Organic scams prompt changes
Updated: Friday, April 13, 2012 1:29 AM
State gains authority to test fertilizers, assess fees on labels
By CECILIA PARSONS
For the Capital Press
Two high-profile organic fertilizer scams have triggered a change in oversight.
The California Department of Food and Agriculture now has the authority to verify organic materials in all soil amendment products manufactured or distributed in the state.
Rick Jensen, director of inspection services for CDFA, said all organic fertilizer labels would be reviewed by the department for compliance with National Organic Program rules. The department will also perform efficacy assessments. The new regulatory authority allows for a $500 biannual license renewal per label.
Jensen said there would be additional on-site inspections and sampling of organic fertilizers. Manufacturing plants will be inspected annually, he said. CDFA has added more investigators and registration specialists to handle the additional authority.
Legislation awarding the authority was passed in 2010 and became effective this year.
Prior to this change, the National Organic Program charged the end users of the products to verify a product's organic label. The Organic Materials Review Institute provides third party verification for organic growers. Products with a label from the Organic Materials Review Institute are considered compliant with NOP regulations.
If the state could have sampled the bogus fertilizers, two much-publicized organic fertilizer scams could have come to light sooner.

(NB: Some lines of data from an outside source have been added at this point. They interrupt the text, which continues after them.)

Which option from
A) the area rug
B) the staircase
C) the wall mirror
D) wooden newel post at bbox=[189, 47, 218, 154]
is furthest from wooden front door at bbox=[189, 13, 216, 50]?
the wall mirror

California Liquid Fertilizer owner Peter Townsley admitted in federal court that he sold an organic fertilizer product called Biolizer XN that he claimed contained only approved organic materials. The product actually contained synthetic chemicals ammonium chloride and ammonium sulfate.
According to a plea agreement, when Townsley applied for third-party approval from OMRI, he submitted a list of ingredients that contained only organic materials. However, he changed the formulation and did not inform customers or OMRI of the changes. Court documents show Townsley sold Biolizer XN from 2000 through 2006 as organically certified and according to USDA, grossed more than $6.5 million in sales.
He faces up to 40 years in prison and fines of more than $250,000 when he is sentenced in June.
Kenneth Noel Nelson Jr., owner of Port Organic Products faces 28 counts of mail fraud in connection with the substitution of organic fertilizer components with lower cost and nonorganic approved materials from 2003 to 2009. The products, like Biolizer XN were approved by OMRI, but prosecutors said the certifiers were duped.
A federal grand jury indictment on March 10 said Nelson defrauded his customers by falsely claiming his fertilizers were certified organic.
Investigations into both fraud cases were by the USDA Office of the Inspector General and the FBI.
Hundreds of organic growers used the products, but were not penalized for using the non-organic fertilizer.